(DATA PROVIDED)
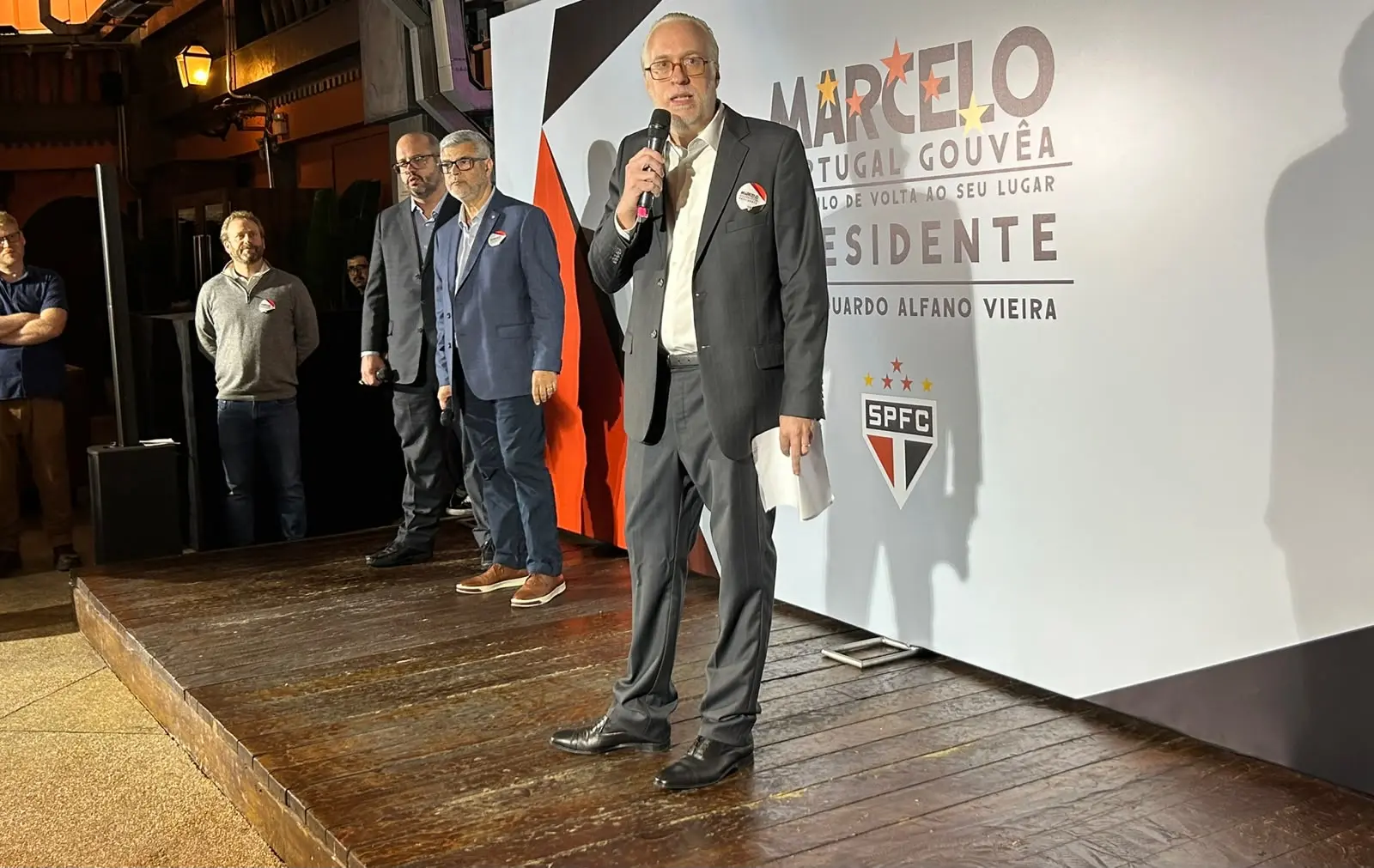 Marcelo Portugal Gouvêa lança candidatura à presidência do São Paulo: “Maior missão da minha vida”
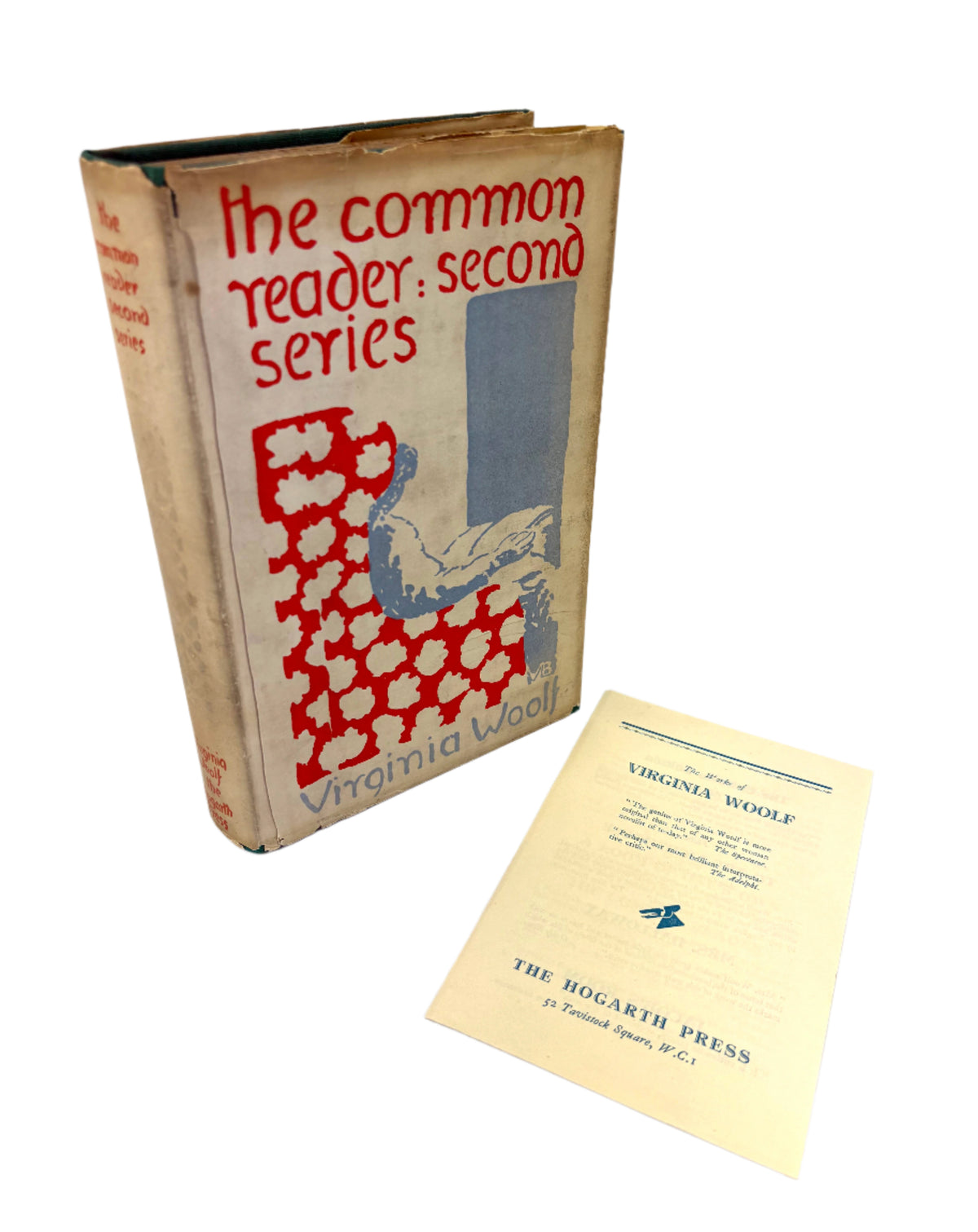 The Common Reader; Second Series, Virginia Woolf, Hogarth Press 1932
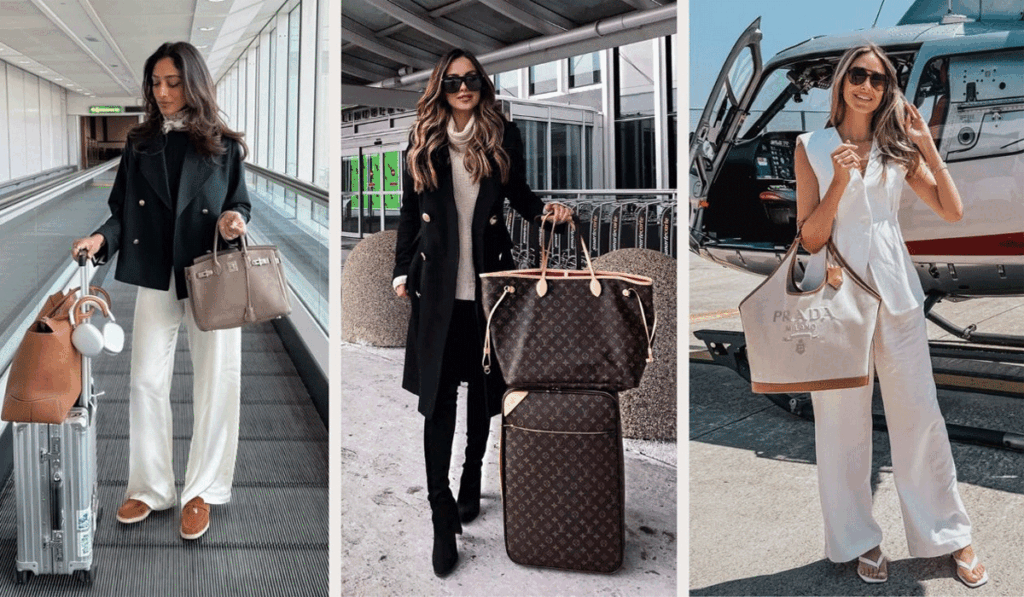 Travel in Style, Luxury Outfits That Keep You Comfortable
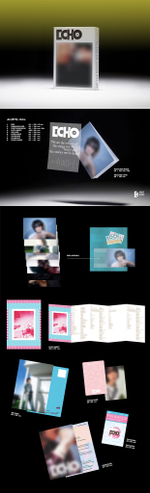 Альбом Jin (BTS) - Echo (Weverse Albums ver.)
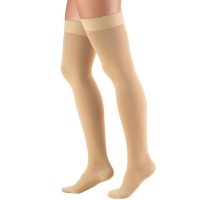 Truform Classic Medical Style Above Knee Closed Toe 20-30mmHg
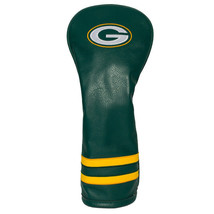 Green Bay Packers Vintage Fairway Golf Club Head Cover Embroidered Logo - £22.94 GBP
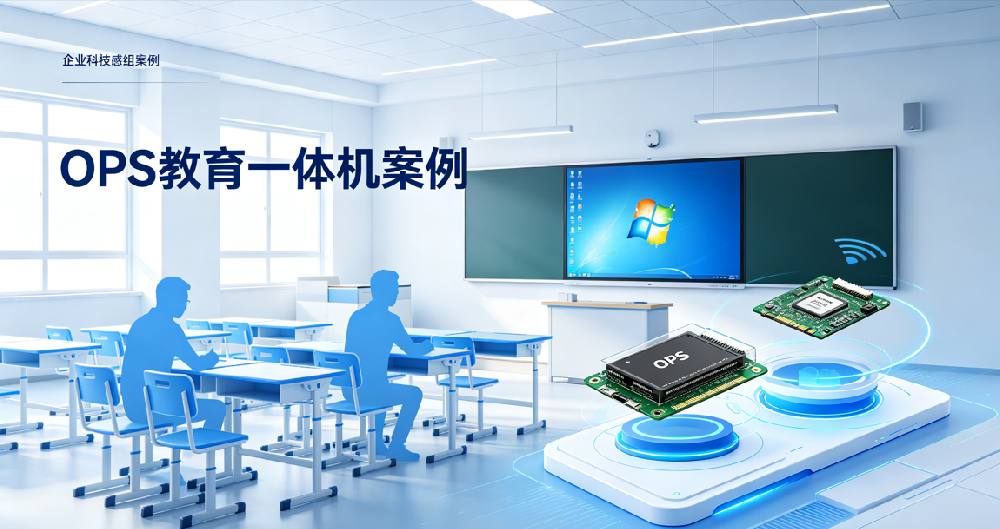 OPS 教育一体机整机配套项目案例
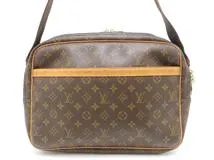 Louis Vuittonルイヴィトンモノグラム リポーターGM M 45252 LOUIS VUITTON ルイヴィトン リポーターGM ショルダーバッグ
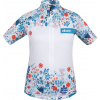 Dětský cyklistický dres ELEVEN Meadow White Velikost: 128-134 Dětský cyklistický dres ELEVEN Meadow White Velikost: 128-134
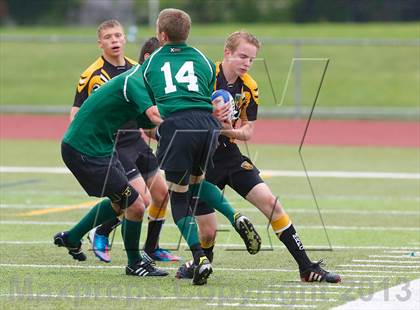 Thumbnail 1 in New London vs Madison (Division 2 Semifinal) photogallery.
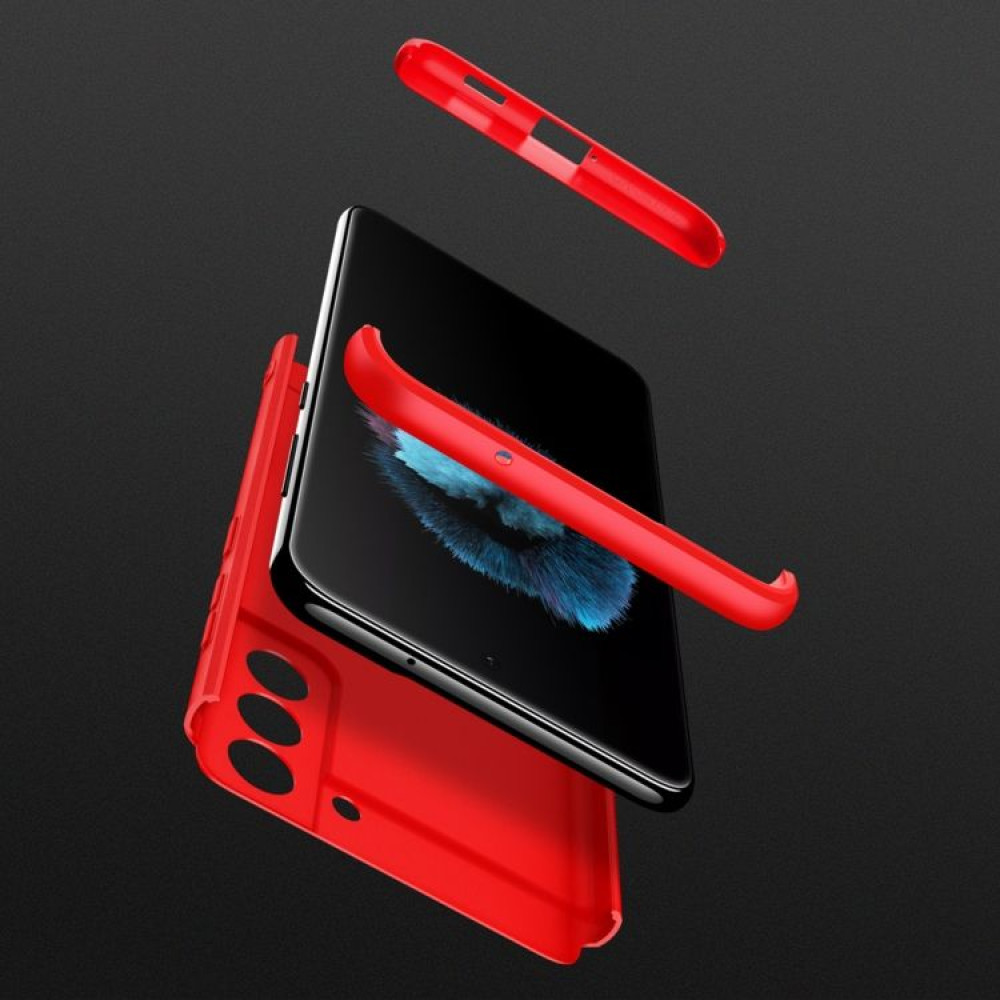 GKK 360 Full Body Protection Samsung Galaxy S21 FE Κόκκινο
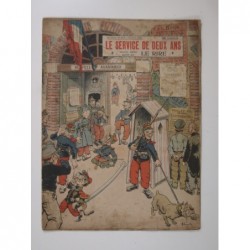 Charly (illustration) : Le Rire. Le service de deux ans. Numéro spécial 1905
(End DATA PROVIDED)
**TASK ITEM**
Quote only what lies between the first line of the records and the line containing "Green Bay Packers", please, including both lines and excluding images.

**WRITTEN RESPONSE**
 Marcelo Portugal Gouvêa lança candidatura à presidência do São Paulo: “Maior missão da minha vida”
 The Common Reader; Second Series, Virginia Woolf, Hogarth Press 1932
 Travel in Style, Luxury Outfits That Keep You Comfortable
 Альбом Jin (BTS) - Echo (Weverse Albums ver.)
 Truform Classic Medical Style Above Knee Closed Toe 20-30mmHg
 Green Bay Packers Vintage Fairway Golf Club Head Cover Embroidered Logo - £22.94 GBP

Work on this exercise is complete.